From: James Propp <jamespropp@gmail.com>

(I remember the days of putting in ^L ^L ^L at the top of an email before posting a spoiler. Is there something comparable that works for modern email readers?)

The prisoners can achieve a probability of success exceeding 90% if each person sees which color predominates among the 99 hats that he sees and then guesses that his hat is that same color. This only fails when there's a 50-50 split, which happens about 8% of the time.

I believe that this is best possible, but I don't have even the beginnings of a proof.

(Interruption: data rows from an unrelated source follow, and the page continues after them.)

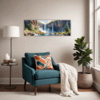 Mountain Waterfall Serenity Living Room Demo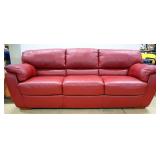 Natuzzi Italia Leather Sofa, 37" High x 91" Long x 35" Deep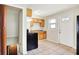 Small kitchen with a window view to the front yard at 1852 N Warman Ave, Indianapolis, IN 46222
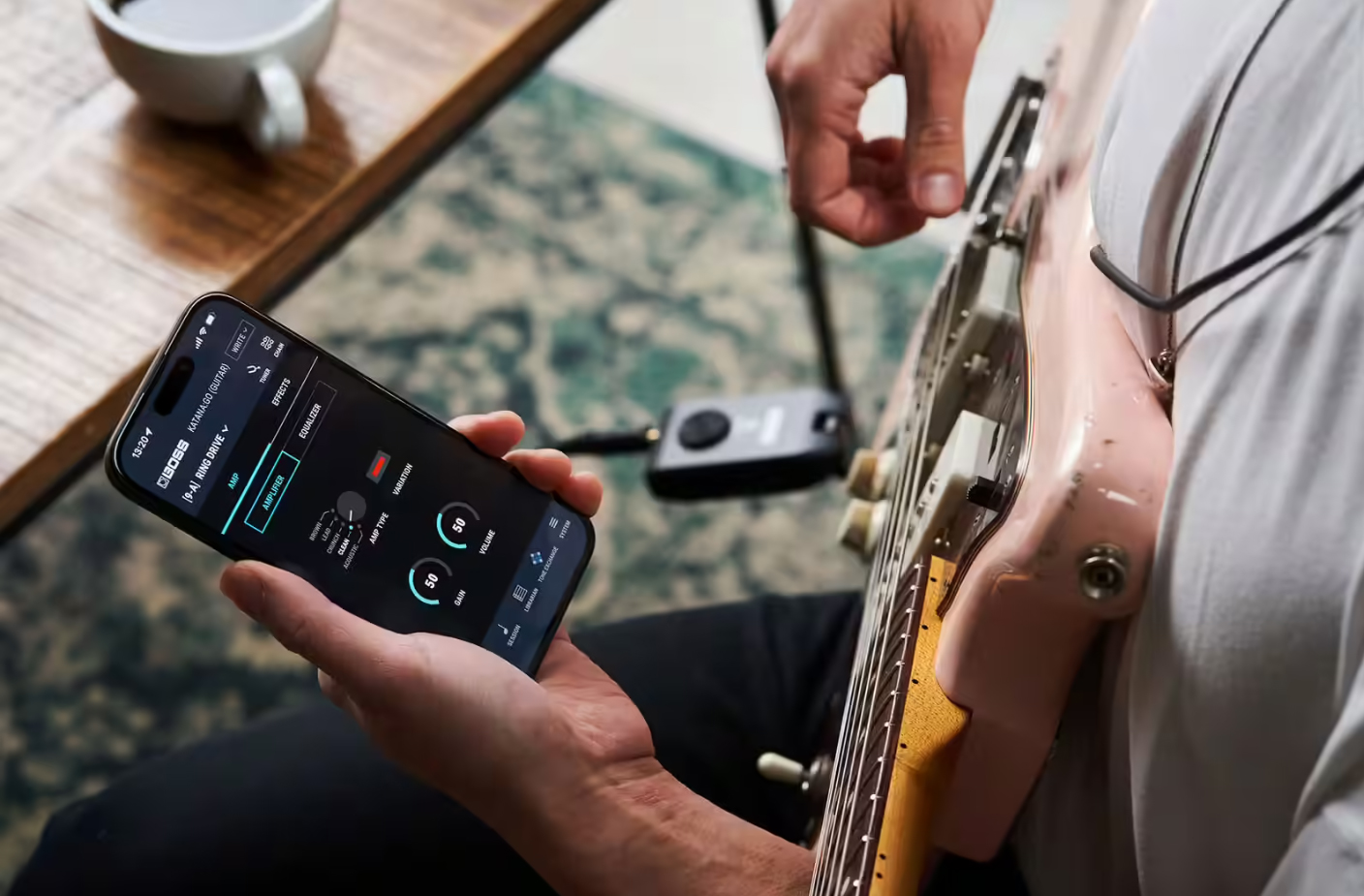Boss Katana:go 2 Guitar & Bass Headphones Amp  + Cb-ktngo Carrying Pouch - Multi Effet Guitare Électrique - Variation 12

On Sun, Jun 18, 2017 at 1:42 PM, Thane Plambeck <tplambeck@gmail.com> wrote:

...

(1) (via Peter Winkler) Here's a (seemingly) new hat puzzle for you:

100 prisoners will be fitted with red or blue hats according to fair coinflips. Then the lights are turned on; each prisoner sees every other hat color and must write down a guess for his own. If a majority (at least 51) get their own hat color right, all the prisoners will be freed.

As usual the prisoners can't communicate once the hats are placed, but have time to strategize beforehand. Can they achieve a 90% probability of being freed? How about 95%?

(2) (Johan Wästlund) I'll just throw in here a question of (what turns out to be) similar flavor: Suppose you play a type of one-person tic-tac-toe where in every "move" you select a set of unoccupied squares, and then flip a coin to decide whether you get all those squares, or your "opponent" gets them. What winning probability can you achieve?